Exercise requirements> In the entries below, find the line containing "Pure Linen Jute" and the line containing "Endon 95268 - Ljuskrona". Copy those two lines and everything between them exactly, without the pictures.

Data to process>
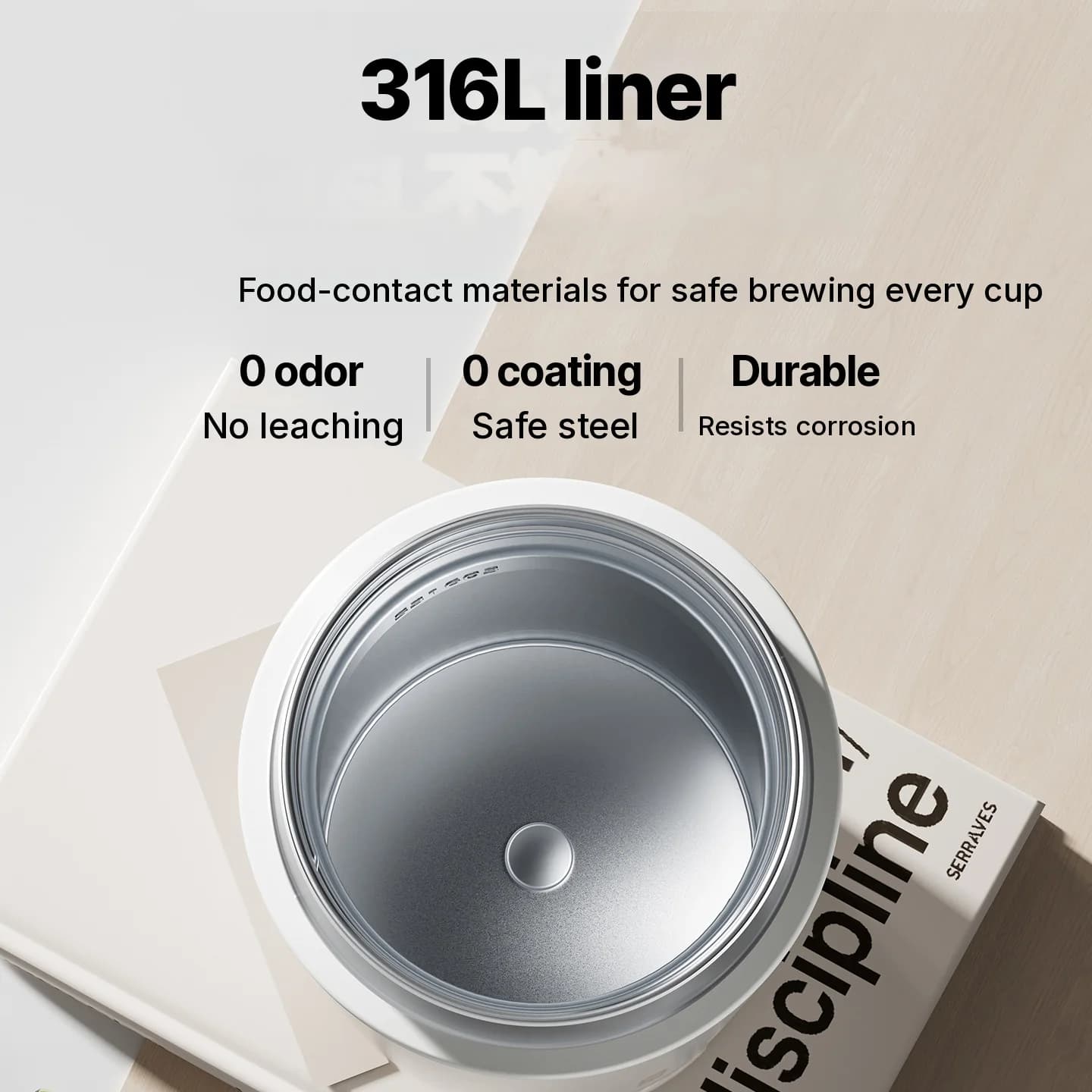 كوب تسخين ماء كهربائي محمول 350ml من الفولاذ المقاوم للصدأ 316L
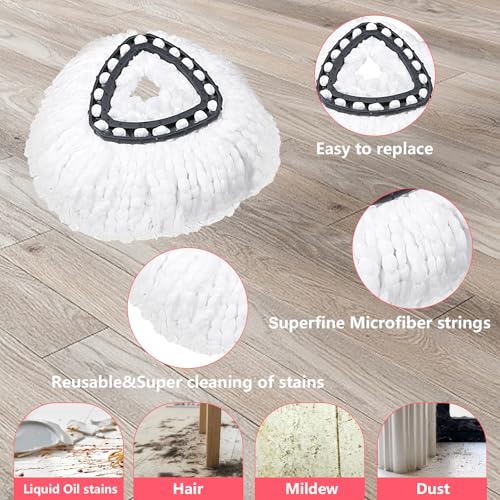 Mop Replacement Heads 4 Pcs & 1 Scrub Brush & 1 Base Set for Ocedar Easywring 1-Tank System,Microfiber Spin Mop Replacement Head,Machine Washable for Bathroom,Kitchen,Tub and Tile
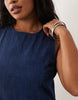 Curve denim fitted midi dress in rich mid blue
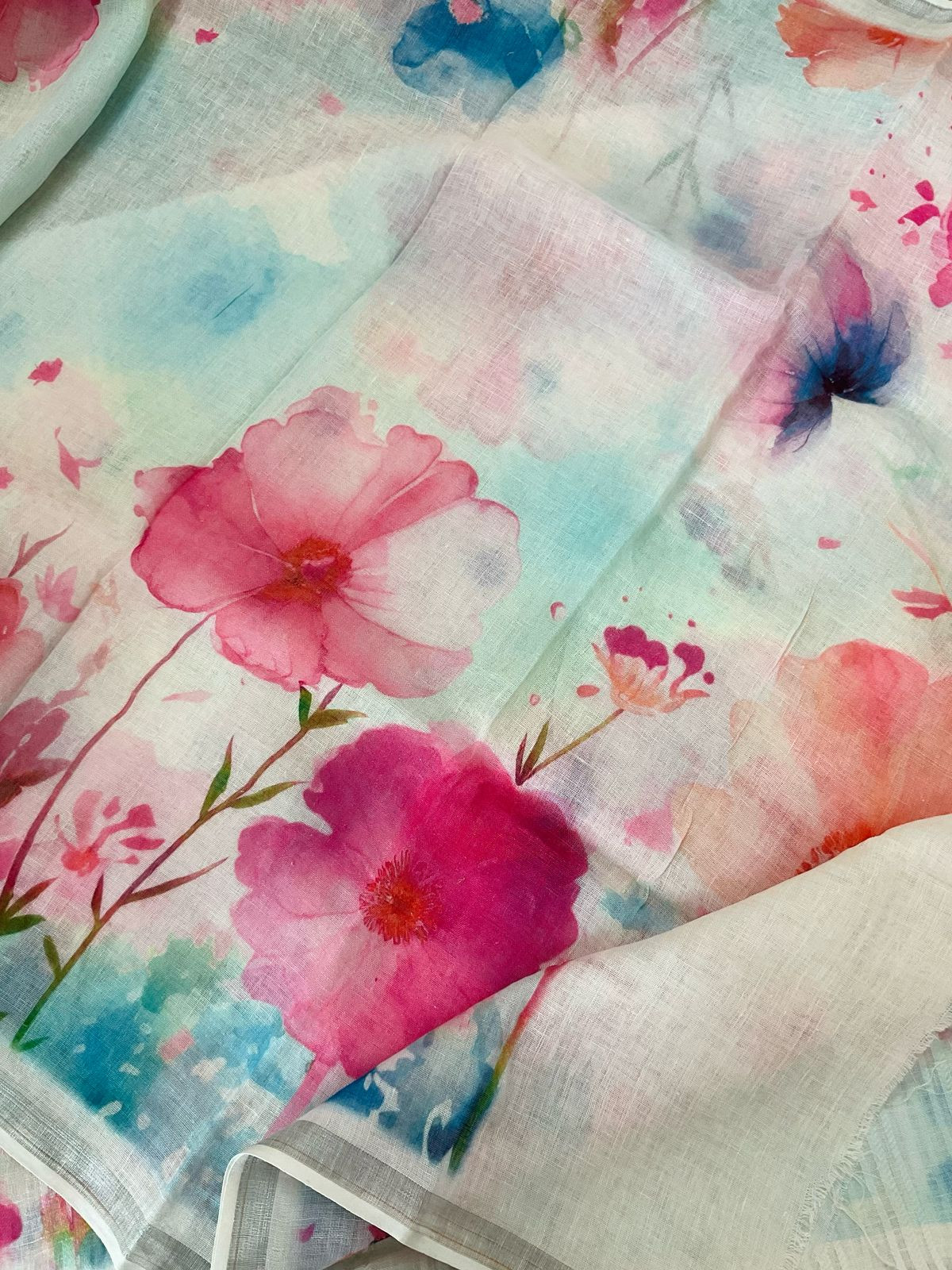 Pure Linen Jute Cotton Printed Suit - Offwhite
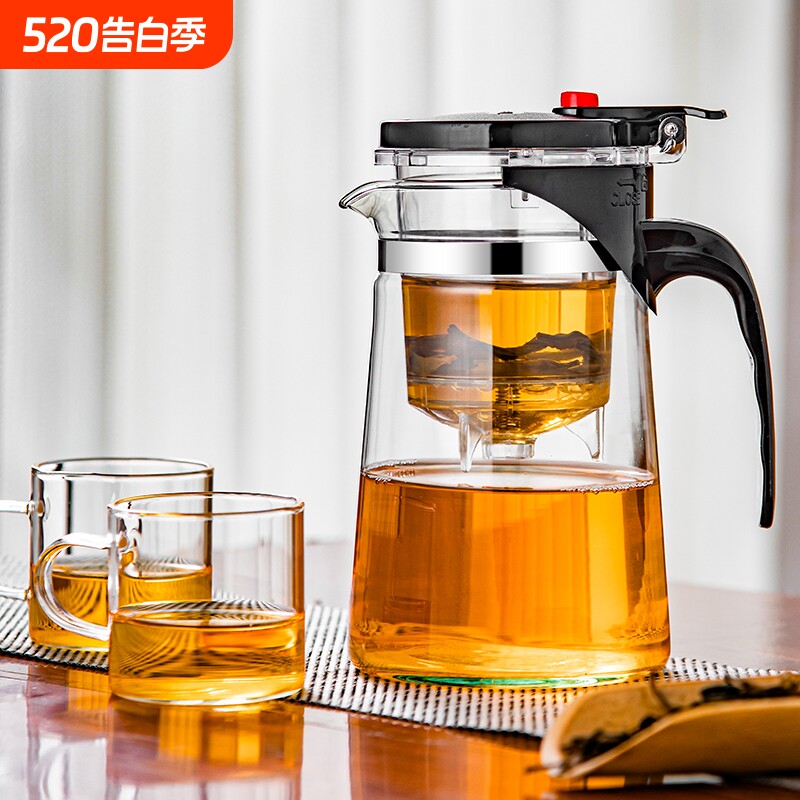 耐高温飘逸杯茶壶茶具泡家用一键过滤泡茶杯茶水分离玻璃套装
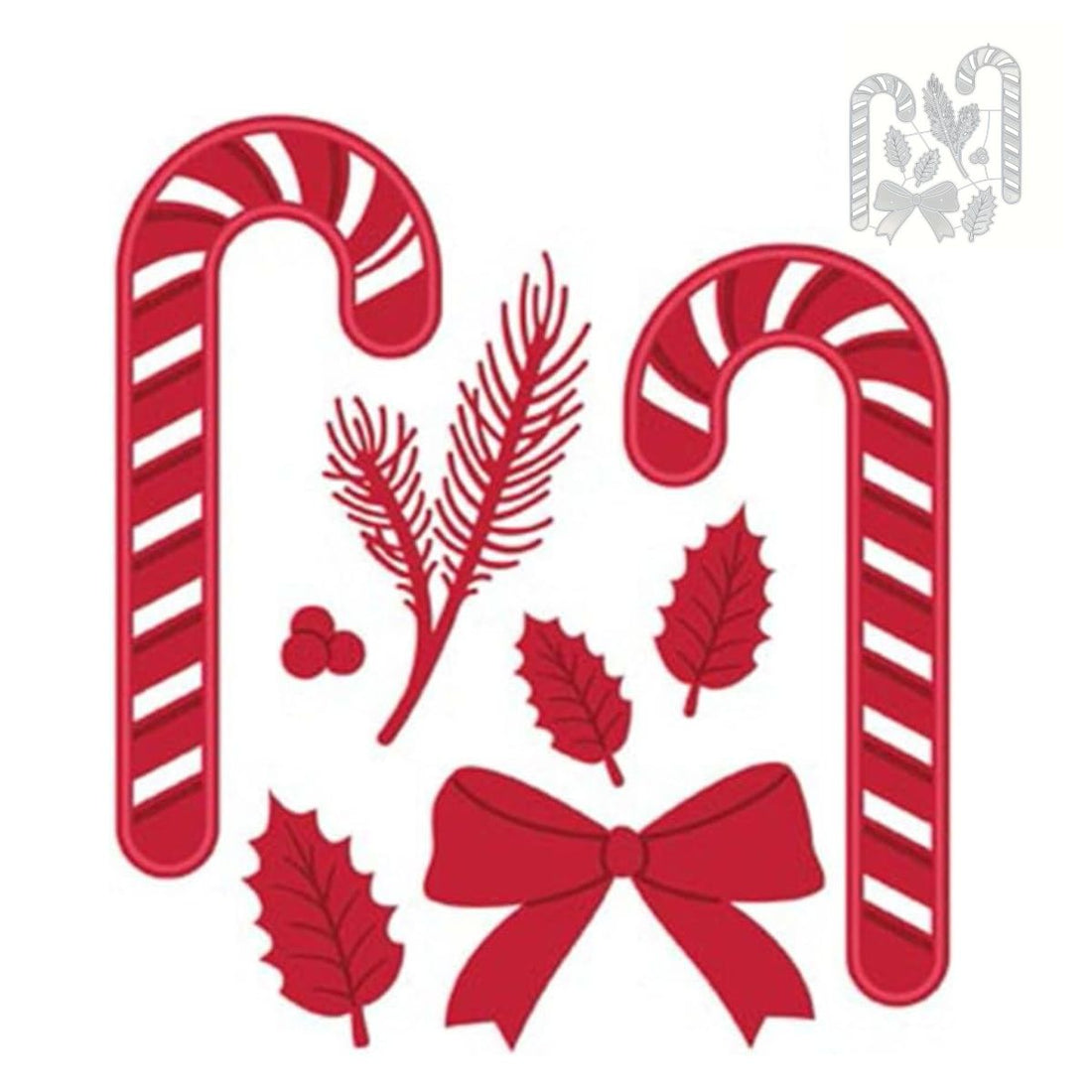 Suajes o Troqueles de Bastones Navideños con Moño y Hojas Dados de Corte / Suajes / Troqueles Hobbees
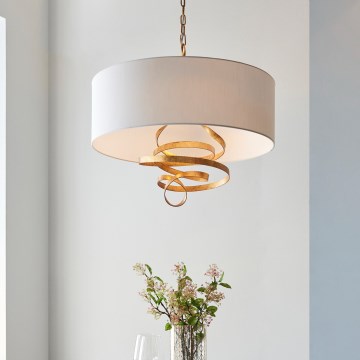 Endon 95268 - Ljuskrona med kedja 3xE14/6W/230V Ø 60 cm vit/mässing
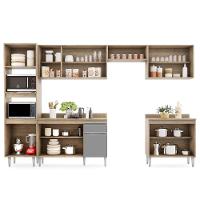 Cozinha Modulada 6 Módulos Composição 8 Castanho-cinza - Lumil Móveis - 3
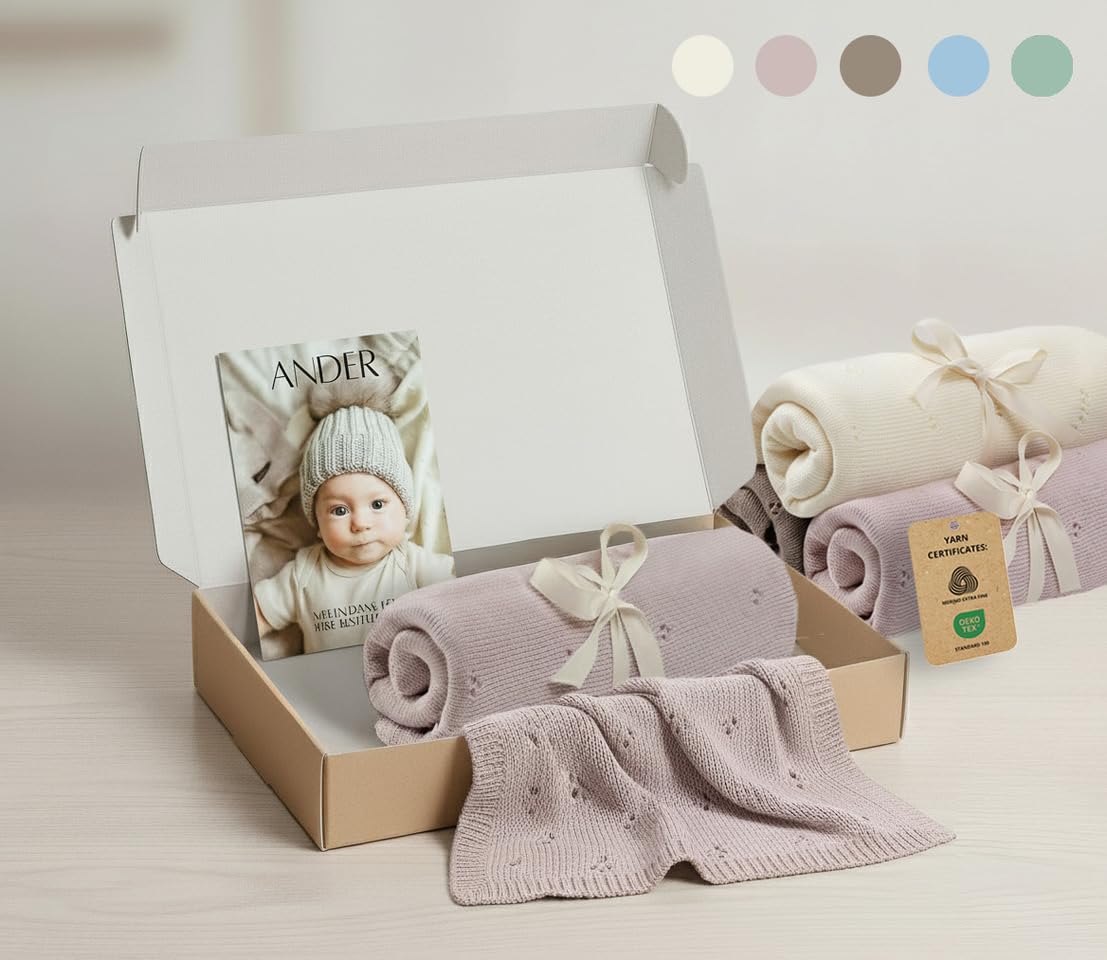 Baby's Only - Gebreide ledikantdeken - Baby deken Sky-Chunky - Dekentje voor jongens en meisjes - 0.7 TOG - 100x135 cm - Urban Taupe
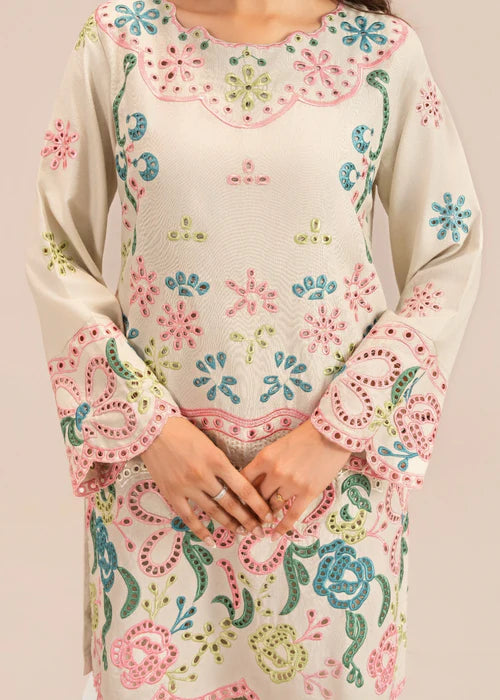 Chikankari Embroidered Dhanak Kurta Set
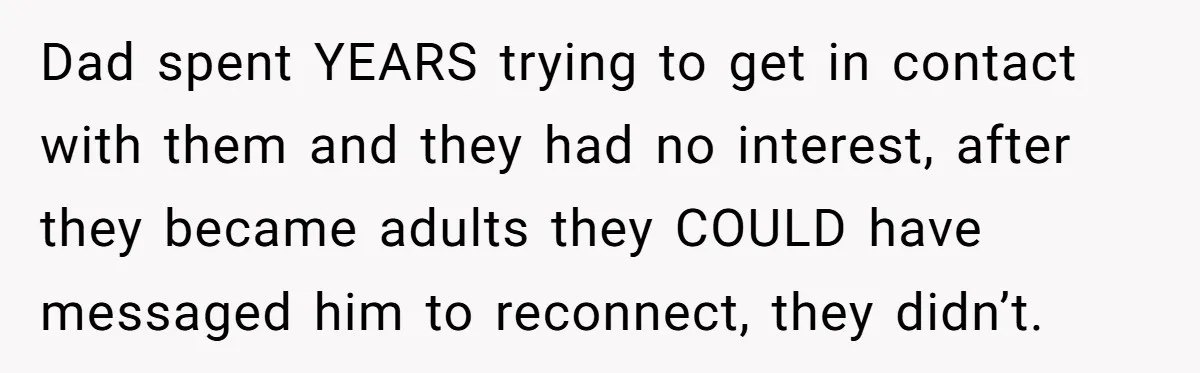 Dad spent YEARS trying to get in contact with them and they had no interest, after they became adults they COULD have messaged him to reconnect, they didn’t.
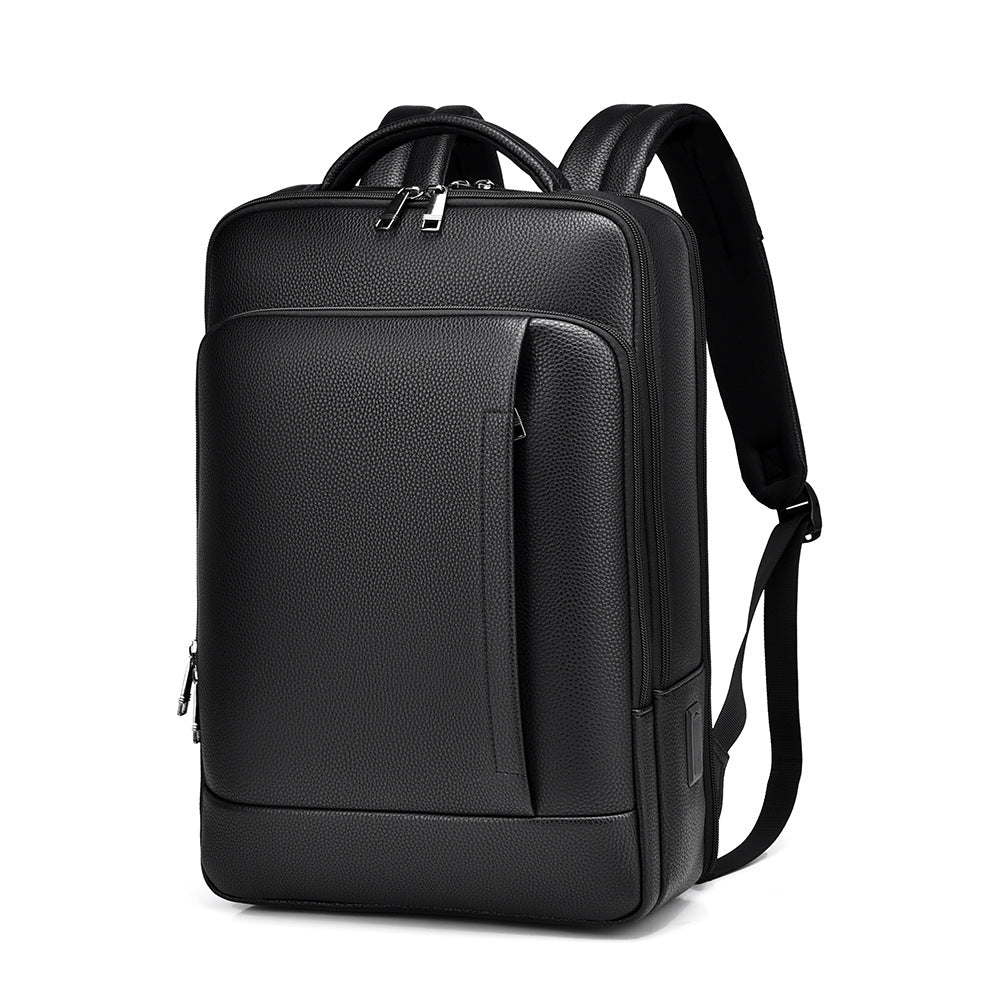 Men's Leather Business Large Capacity First Layer Backpacks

Reply>
 Pure Linen Jute Cotton Printed Suit - Offwhite
 耐高温飘逸杯茶壶茶具泡家用一键过滤泡茶杯茶水分离玻璃套装
 Suajes o Troqueles de Bastones Navideños con Moño y Hojas Dados de Corte / Suajes / Troqueles Hobbees
 Endon 95268 - Ljuskrona med kedja 3xE14/6W/230V Ø 60 cm vit/mässing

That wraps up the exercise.